Danny Kaye was at his best in THE SECRET LIFE OF WALTER MITTY. His gentle grace, comic timing, gift for patter, his handsome features (which could become contorted or fluttery in an instant) would put most modern comedians to shame. And (reinforced by the Hayes Office, of course) he never resorted to bad taste, as most comedians do today, coarsening our sensibilities. Unfortunately, his marriage to Sylvia Fine foundered, and it gradually became apparent that he needed her close collaboration to provide fresh material, tailored to his talents. After THE COURT JESTER (1956), his career film career declined, even though he continued to be popular in the public eye. He moved into Television, went to work for UNICEF, and became honored as a humanitarian.
THE SECRET LIFE OF WALTER MITTY reunited Kaye with Virginia Mayo for the fourth and last time. She was just a Goldwyn Girl, posing in his first film, UP IN ARMS (Nugent, 1944), but she rose to co-star with him in WONDER MAN (Humberstone, 1945) and THE KID FROM BROOKLYN (McLeod, 1946). After that, she won important serious roles in such remembered films as THE BEST YEARS OF OUR LIVES (Wyler, 1949) and WHITE HEAT (Walsh, 1949), but in the minds of many, she is identified with the "peaches and cream" beauty she had in the Kaye pictures.
Veteran Director Norman Z. McLeod had been in Hollywood since the 1920's, where he began as an animator, then a screen writer (SKIPPY, 1931). When he turned to directing he showed his comic flair by directing two early Marx Brothers comedies, MONKEY BUSINESS (1931) and HORSE FEATHERS (1932); W. C. Fields' IT'S A GIFT (1934); followed by TOPPER (1938) and PANAMA HATTIE (1941), before Kaye's THE KID FROM BROOKLYN and THE SECRET LIFE OF WALTER MITTY. In his later career, he directed several Bob Hope vehicles.
The distinguished cinematographer Lee Garmes provides a lesson in bright Technicolor photography. It should be noted that most of the music, under the Musical Direction of Emil Newman, was really written by Sylvia Fine and David Raksin (LAURA, 1944).
The supporting cast are all fine farceurs and they keep the action light, satirical and flying along (although the third quarter slows a bit). Boris Karloff is particularly amusing, as he sends up his image the way he did on the stage in Arsenic and Old Lace (1941). The great Fritz Feld has a small role as the real Anatole, and the Goldwyn Girls appear to better advantage than usual, spoofing a craze in women's hats, so much part of the Post War fashion scene.
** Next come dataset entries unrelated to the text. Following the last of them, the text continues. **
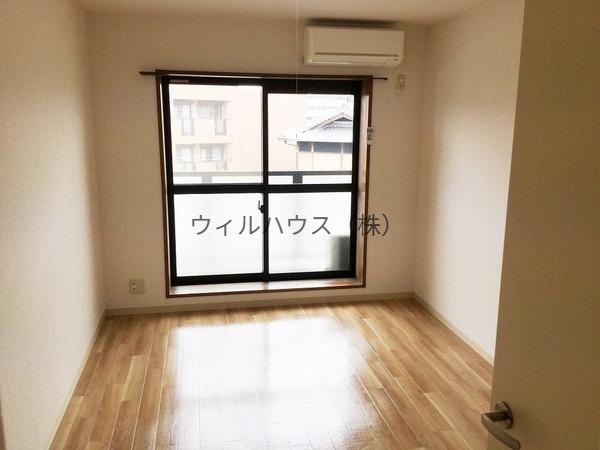 居室・リビング　明るいお部屋です！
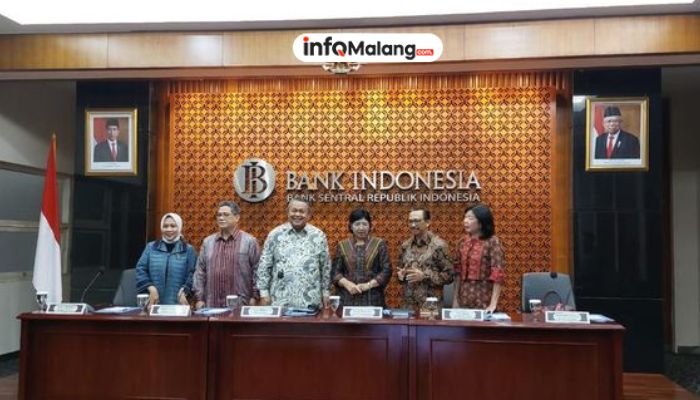 BI Diperkirakan Tahan Suku Bunga 5,25% hingga Agustus, Pelonggaran Menyusul di Kuartal IV
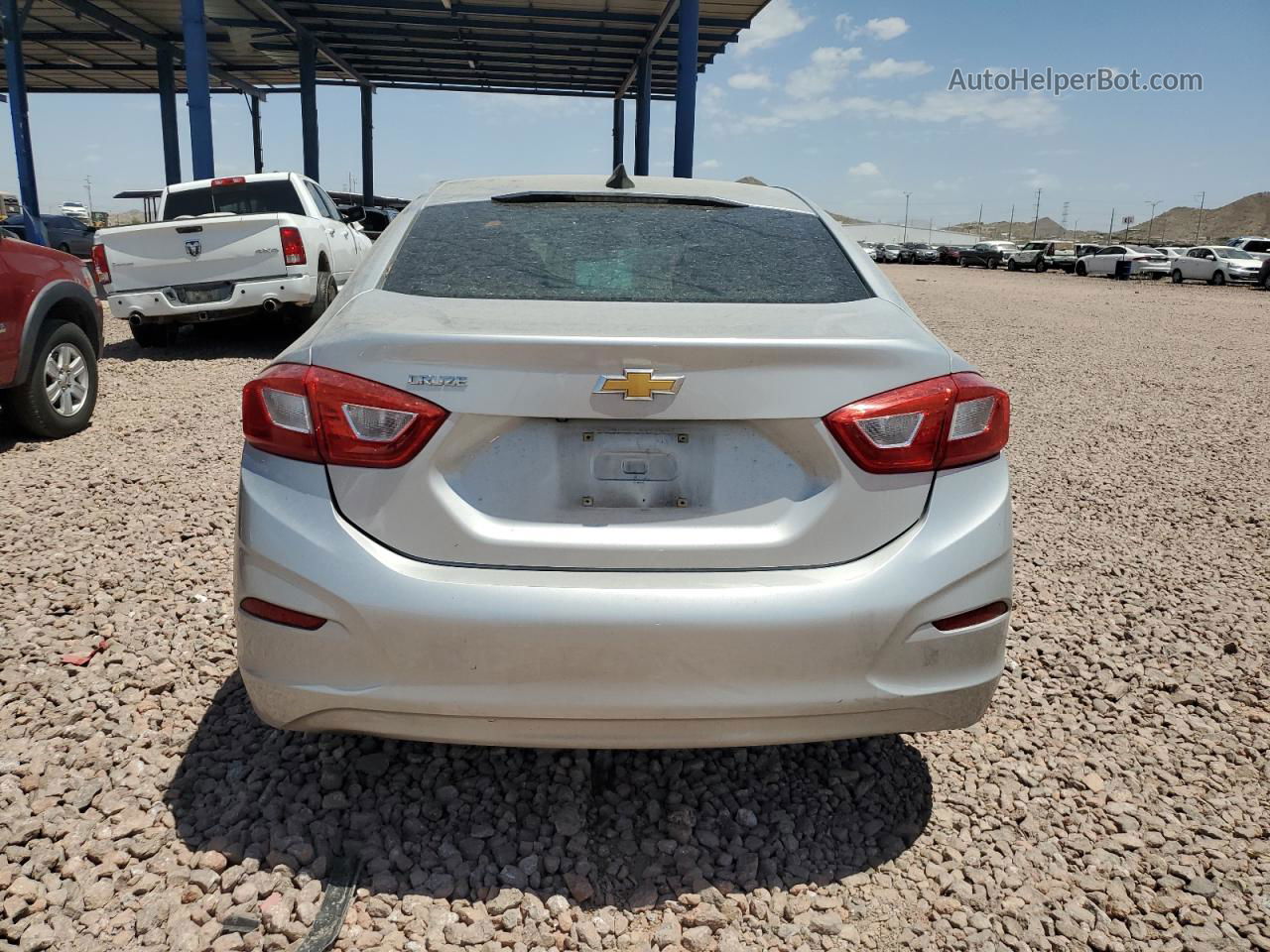 2017 Chevrolet Cruze Ls Silver vin: 3G1BC5SM5HS567511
In fact, much of THE SECRET LIFE OF WALTER MITTY deals hilariously with the pretensions or preoccupations, romantic and otherwise, which pertained in America at the time: plus our snobbish pursuit of fashion and wealth; an unrealistic admiration of epic heroism; a fear of "Momism" and women in general; the atrocious standards of popular magazines; an envy of professions such as those in Medicine; the absurdity of corporate politics; a yen for gambling; a prejudice against things European; and a yearning for simple means of problem solving like those fabled in the Old West. To the extent that these pretensions and preoccupations still exist (and many of them do), this adaptation remains a very funny movie.
If you want to know where so much of our modern comedy, especially TV comedy came from, explore THE SECRET LIFE OF WALTER MITTY.